Ma vie d’arbitre

L'arbitre Eric Furlatt allonge le bras droit pour confirmer un but marqué par les Flames de Calgary. L'arbitre Eric Furlatt allonge le bras droit pour confirmer un but marqué par les Flames de Calgary. L'arbitre Eric Furlatt allonge le bras droit pour confirmer un but marqué par les Flames de Calgary.
Signature d'Eric Furlatt

Le Trifluvien Eric Furlatt, qui a franchi la barre des 1000 matchs dans la LNH l’an dernier, raconte la vie à la fois solitaire et grisante d’un officiel dans la meilleure ligue de hockey au monde.

Par Eric Furlatt, arbitre dans la LNH depuis 2001

Vous voulez savoir à quel point un arbitre de la LNH est concentré sur son match?

Nous sommes au vieux Joe Louis Arena de Détroit en pleines séries éliminatoires de la LNH, il y a quatre ans.
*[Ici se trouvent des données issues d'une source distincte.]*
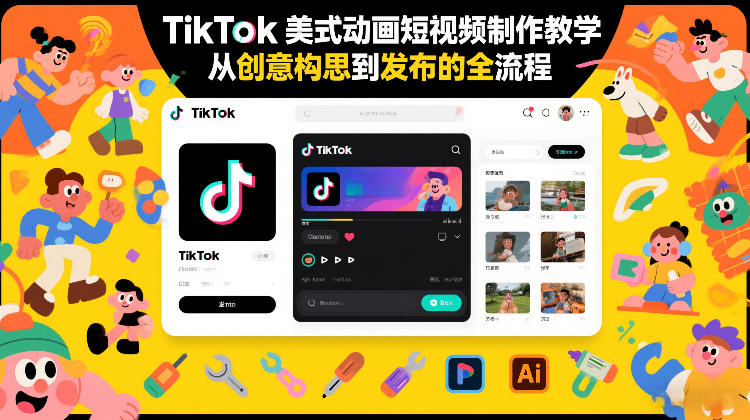 TikTok美式动画短视频制作教学，从创意构思到发布的全流程-KJ分享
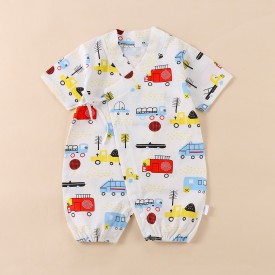 Infant jumpsuit summer combed cotton printed baby romper light and breathable boys and girls baby short-sleeved kimono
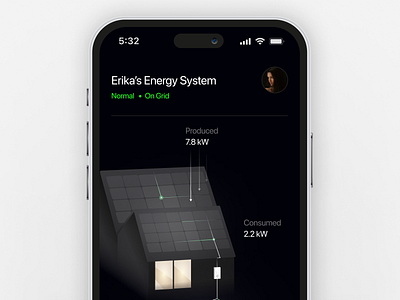 Solar Monitoring App for a Connected Home Solution home house interface live mobile mobileapp power smarthome solar solarenergy uiux ux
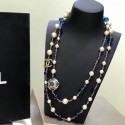 Fake Chanel Pearl Long Necklace Peacock Blue 2019 Collection CE03249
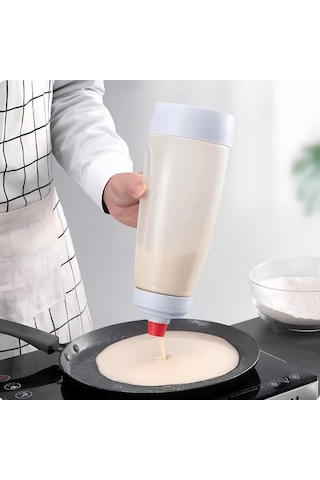 Restoran Pişirme Krepleri, Küçük Kekler, Muffinler, Krepler Ve Daha Fazlası İçin Krep Hamuru Şişesi Savaşçı Mikseri Blender Bilyalı Tel Çırpıcı Beyaz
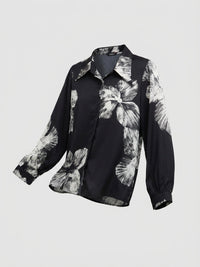Women Shirt Print Black Relaxed Fit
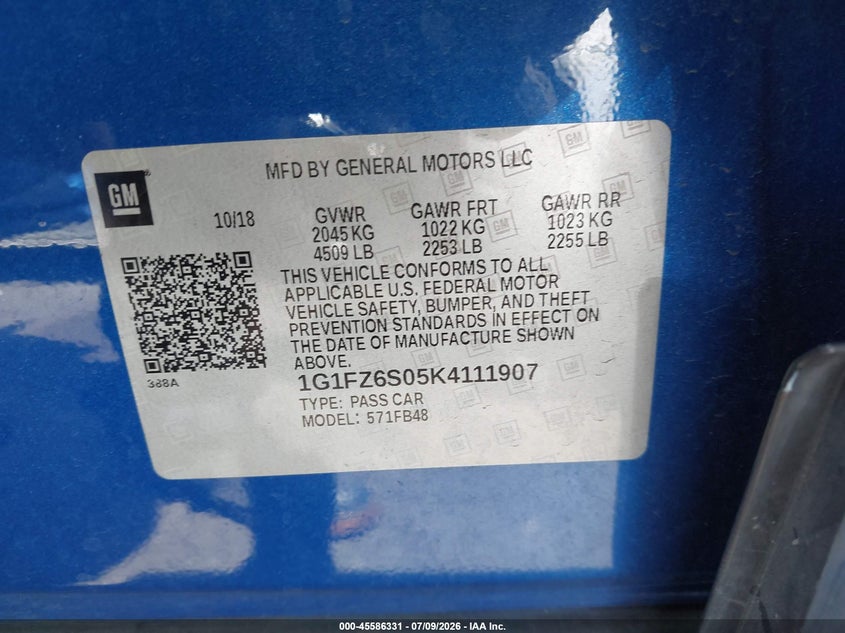 2019 Chevrolet Bolt Ev Premier VIN: 1G1FZ6S05K4111907 Lot: 45586331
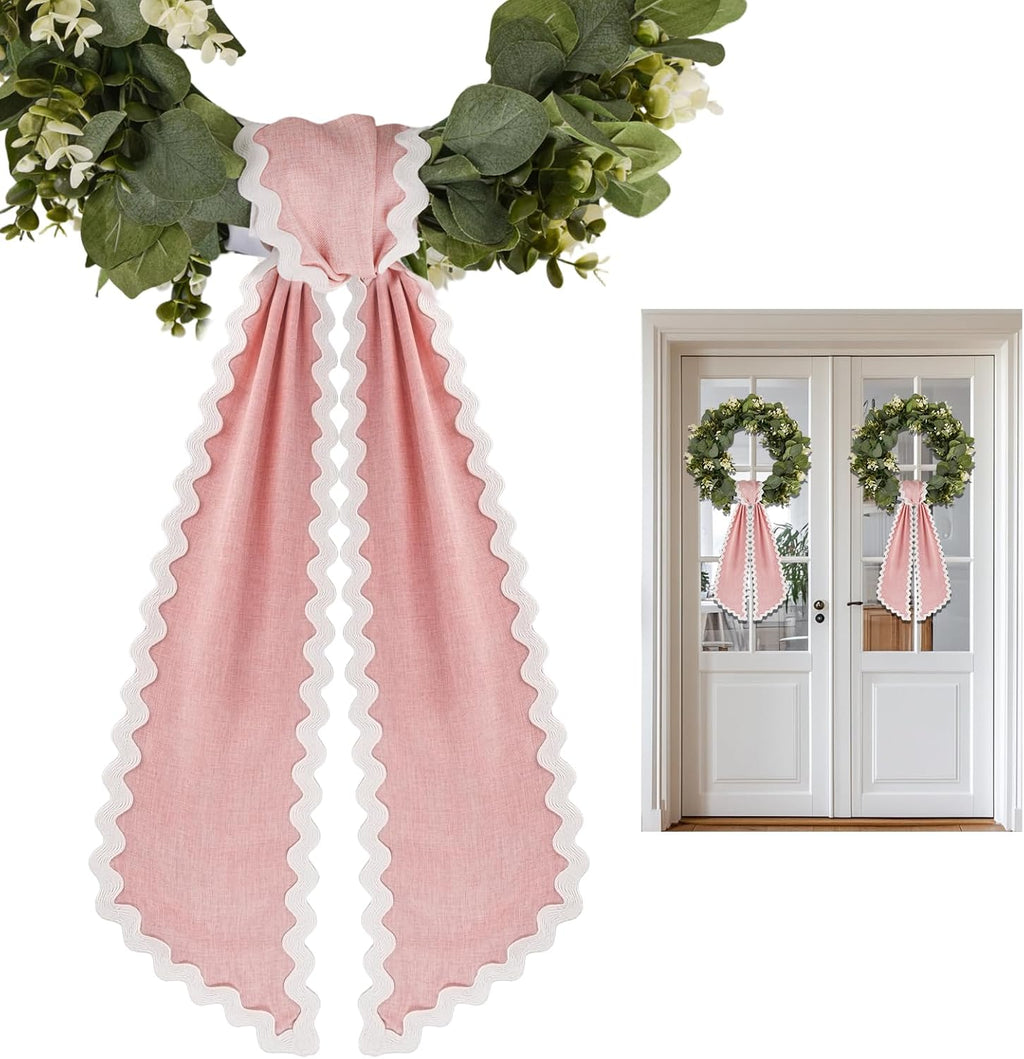 Skiennix Scalloped Wreath Sash - Ruffle Ribbon Bow for Front Door Decor | Pink & White, 2 Pcs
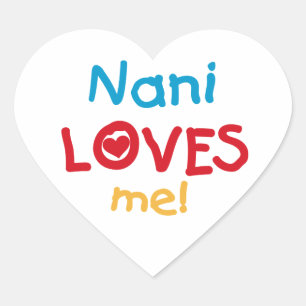Sticker Cœur Nani aime mes t-shirts et cadeaux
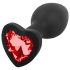 Sunfo - Plug anal en silicone avec pierre rouge en forme de cœur (noir)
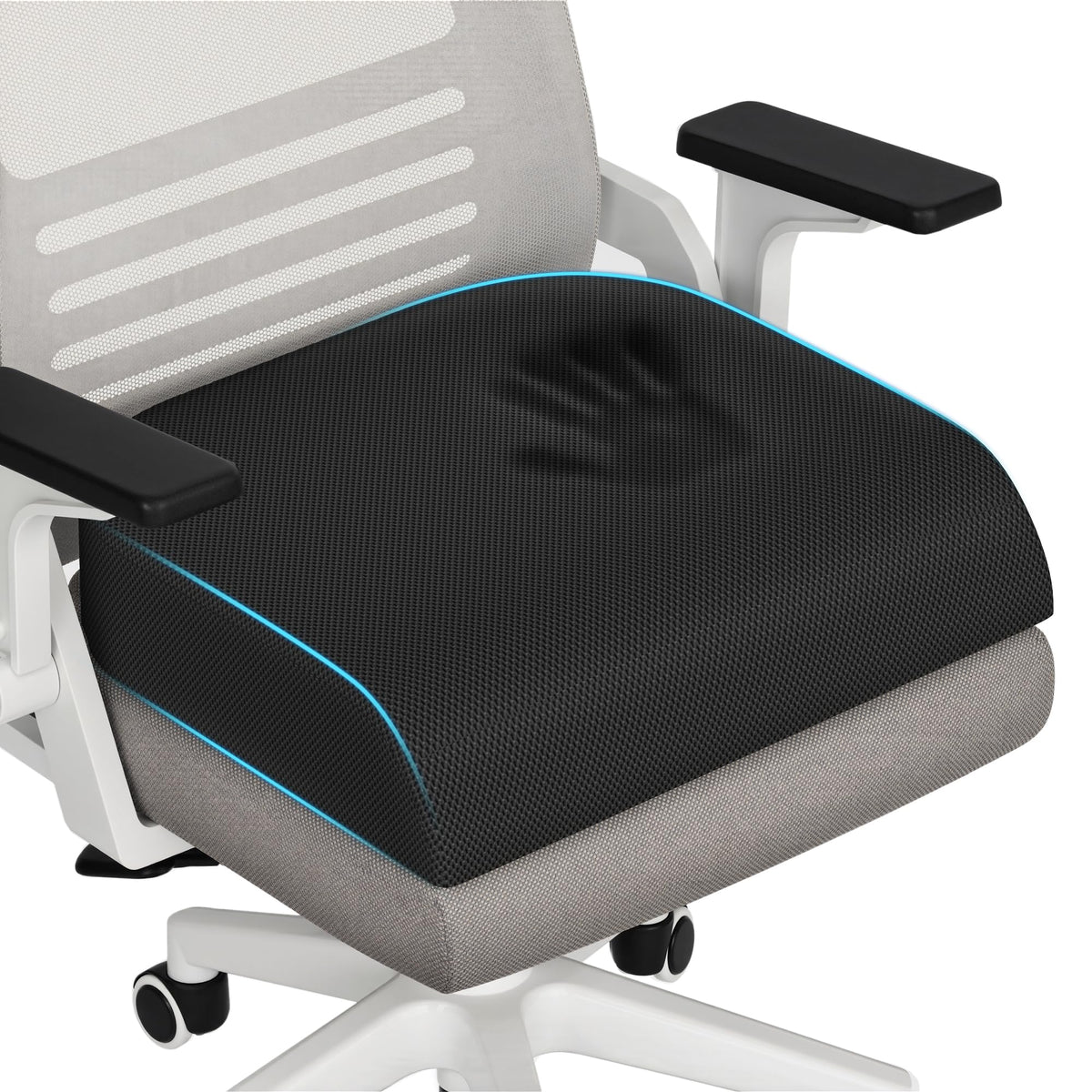 TranquilRelax Memory Foam Seat Cushion for Office Chair, 3-Inch, Black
Une rondelle fait soudainement éclater la baie vitrée du banc des pénalités. Je demande alors au préposé de faire la réparation qui s’impose.

Puis, par réflexe, je m’appuie sur la bande, avec deux collègues, pendant cette pause inattendue en attendant de pouvoir poursuivre le match. J’ai les bancs des deux équipes en face de moi, de l’autre côté de la patinoire. Mais comme je suis un peu de biais, je peux aussi voir une portion de la foule.

Après le match, je consulte mon téléphone. J’ai reçu une vingtaine de courriels et de textos. « Ouin, tu t’es rincé l’oeil! » « Ouin, t’es chanceux! » « T’as eu toute une surprise! »

Pendant la pause, une femme avait descendu l’escalier des gradins puis, tout juste à côté de moi, de l’autre côté de la vitre, avait soulevé son chandail pour me montrer sa poitrine.

Je n’ai rien vu.

J’avais les yeux rivés sur les bancs des joueurs, même si le jeu était interrompu et qu’il ne se passait rien de spécial. J’étais dans ma bulle, concentré, question de m’assurer que tout se passait bien. Je n’ai réalisé ce qui s’était passé qu’après avoir lu tous ces messages et être allé regarder le soir même la séquence, qui était déjà sur YouTube.

C’est vous dire à quel point, quand je travaille, j’ai la tête à mon job.

Eric Furlatt (gauche) et ses collègues marchent du vestiaire des arbitres vers la patinoire du Centre Canadian Tire d'Ottawa avant un match entre les Sénateurs et les Flames de Calgary.
Eric Furlatt (gauche) et ses collègues marchent du vestiaire des arbitres vers la patinoire du Centre Canadian Tire d'Ottawa avant un match entre les Sénateurs et les Flames de Calgary.
(Photo : Radio-Canada/Marc DesRosiers)

J'ai pratiquement été élevé à l’aréna Jean-Guy-Talbot, à Cap-de-la-Madeleine. Je demeurais juste à côté. Il me fallait trois minutes pour m’y rendre. Dans la même rue, il y avait l’aréna, l’Académie des Estacades et la maison familiale. Mon père jouait au hockey quatre ou cinq soirs par semaine dans cet aréna. J’étais tout le temps rendu là. J’étais au terrain de balle l’été, à l’aréna le reste de l’année.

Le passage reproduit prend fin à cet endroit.